*The data*:

# # # # # # #

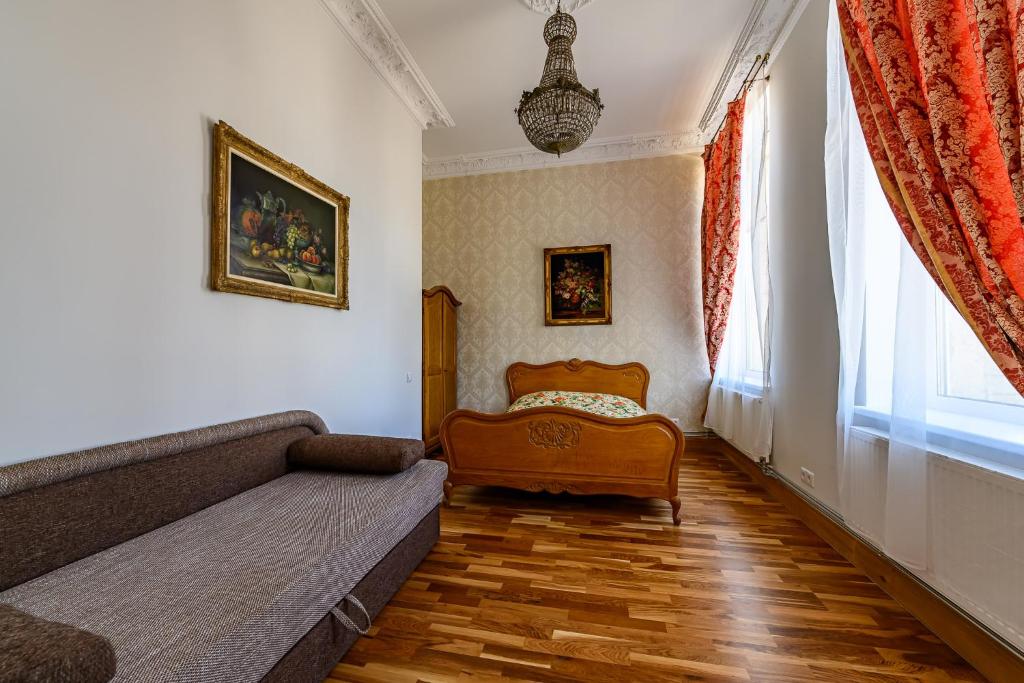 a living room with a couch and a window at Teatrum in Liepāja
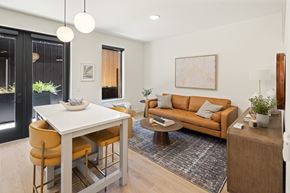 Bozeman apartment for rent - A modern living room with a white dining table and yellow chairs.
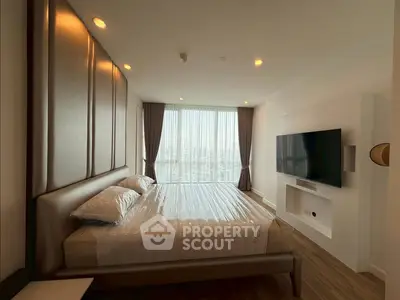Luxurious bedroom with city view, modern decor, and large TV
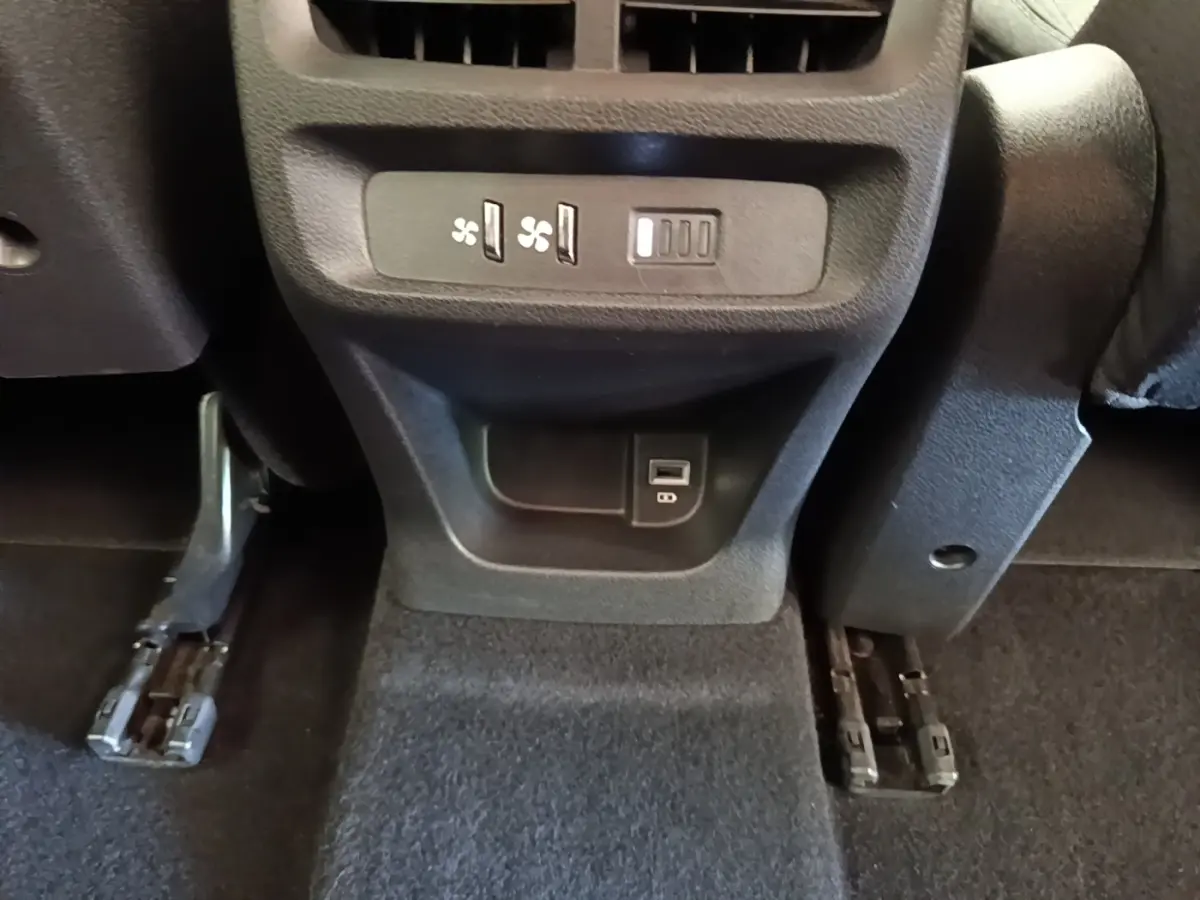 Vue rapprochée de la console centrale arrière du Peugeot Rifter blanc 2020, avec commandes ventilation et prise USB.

# # # # # # #

*What the exercise asks*:
The data shown above must be printed again exactly, with no images included.

*Task output*:
 a living room with a couch and a window at Teatrum in Liepāja
 Bozeman apartment for rent - A modern living room with a white dining table and yellow chairs.
Luxurious bedroom with city view, modern decor, and large TV
 Vue rapprochée de la console centrale arrière du Peugeot Rifter blanc 2020, avec commandes ventilation et prise USB.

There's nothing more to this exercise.